Recorded data:

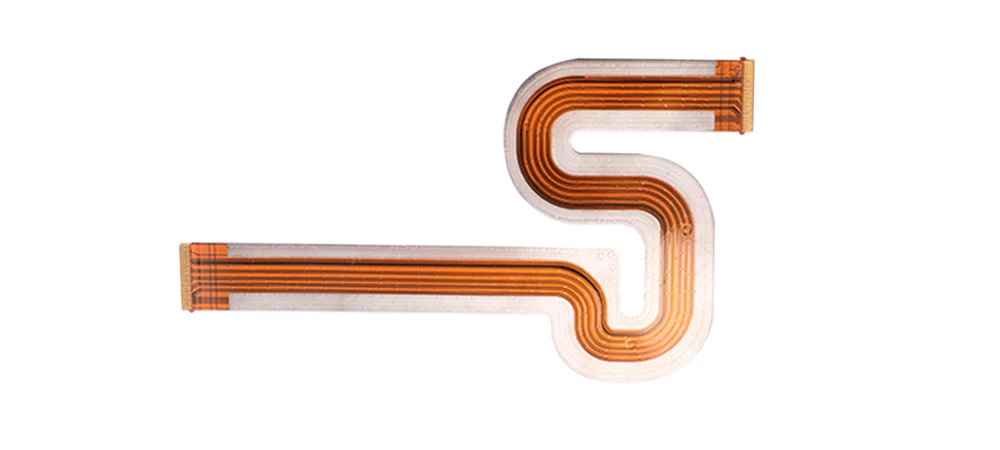 Ceny Oryginalny Panel LCD Flex kabel do asusa transformator Pad nieskończoność TF700T wyświetlacz LCD Flex kabel do asusa TF700 LCM_FPC Flex cable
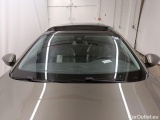  Peugeot  508 Peugeot  SW 1.5 BlueHDi 130 S&S EAT8 Active 5d #36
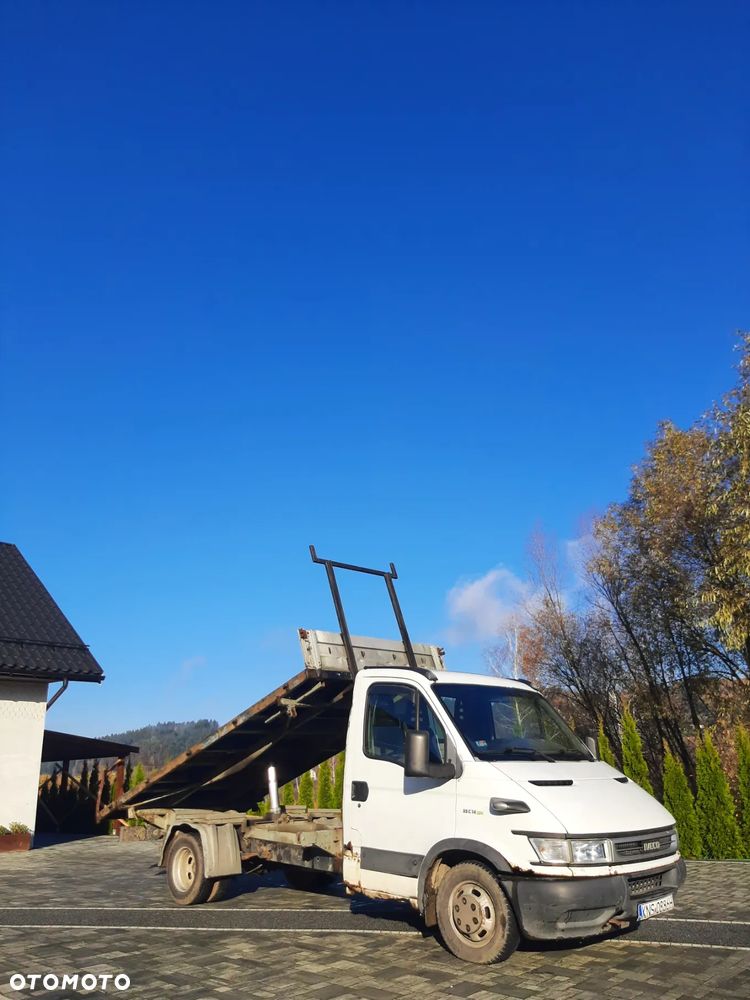 Iveco Daily - 6
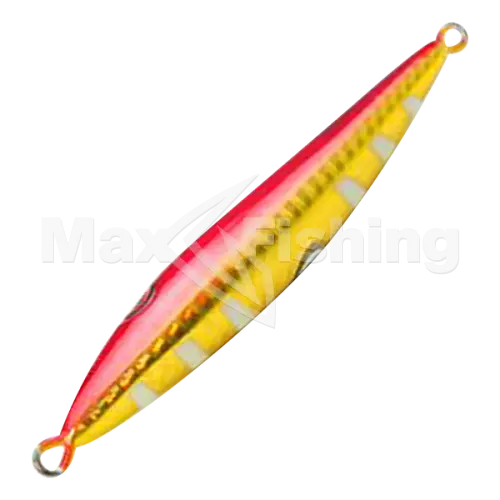 image product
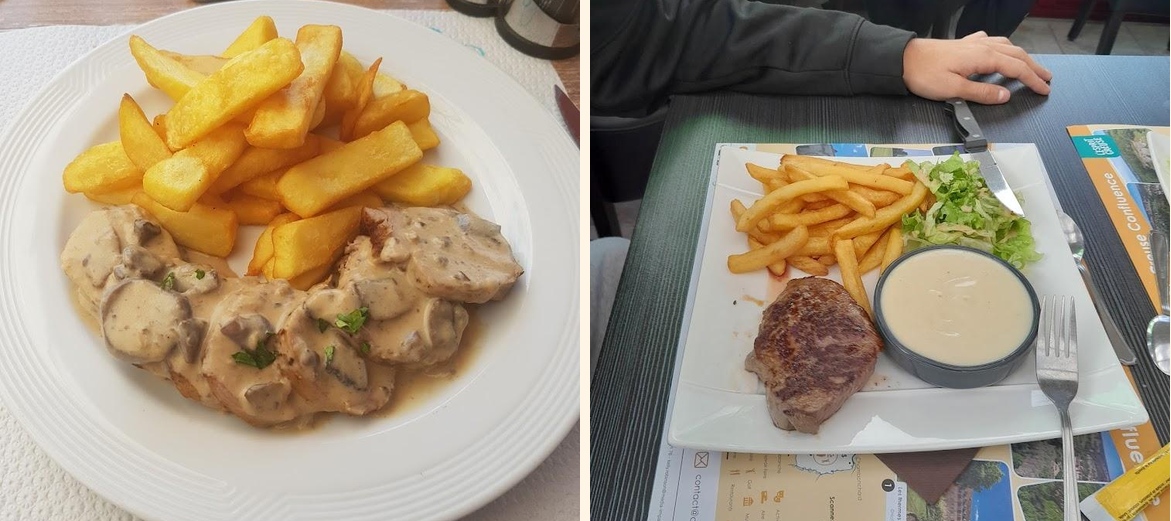 Le Sully - Gallery Image 7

Task goal: Your answer should contain all the material above, written out exactly, and none of the pictures.

Exercise response:
 Ceny Oryginalny Panel LCD Flex kabel do asusa transformator Pad nieskończoność TF700T wyświetlacz LCD Flex kabel do asusa TF700 LCM_FPC Flex cable
  Peugeot  508 Peugeot  SW 1.5 BlueHDi 130 S&S EAT8 Active 5d #36
 Iveco Daily - 6
 image product
 Le Sully - Gallery Image 7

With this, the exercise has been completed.